A little old lady went to the grocery store and put the most expensive cat food in her basket. She then went to the check out counter where she told the check out girl, "Nothing but the best for my little kitten."
The girl at the cash register said, "I'm sorry, but we cannot sell you cat food without proof that you have a cat. A lot of old people buy cat food to eat, and the management wants proof that you are buying the cat food for your cat."
The little old lady went home, picked up her cat and brought it back to the store. They sold her the cat food.

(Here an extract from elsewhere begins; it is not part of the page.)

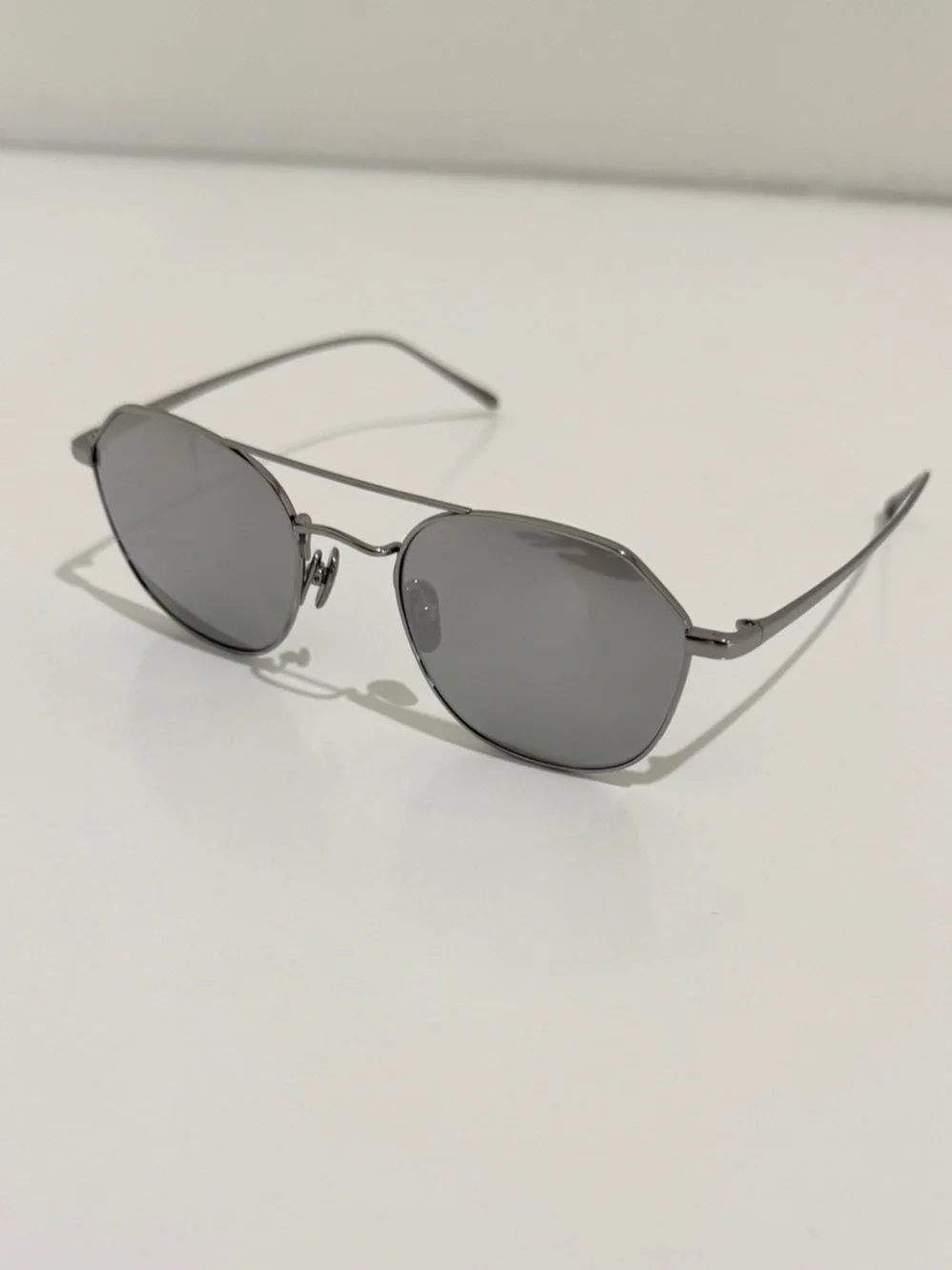 Linda Farrow Dante LFL977 Sunglasses 22K White Gold Aviator NIB Full Set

The next day, the old lady went to the store and bought 12 of the most expensive dog cookies - one for each day of Christmas. The cashier this time demanded proof that she now had a dog, claiming that old people sometimes eat dog food. Frustrated she went home, came back and brought in her dog. She was then given the dog cookies.
The next day she brought in a box with a hole in the lid. The little old lady asked the cashier to stick her finger in the hole. The cashier said, "No, you might have a snake in there." The little old lady assured her that there was nothing in the box that would bite her. So the cashier put her finger into the box and pulled it out and told the little old lady, "That smells like crap."
The little old lady grinned from ear to ear, "Now, my dear, can I please buy three rolls of toilet paper?"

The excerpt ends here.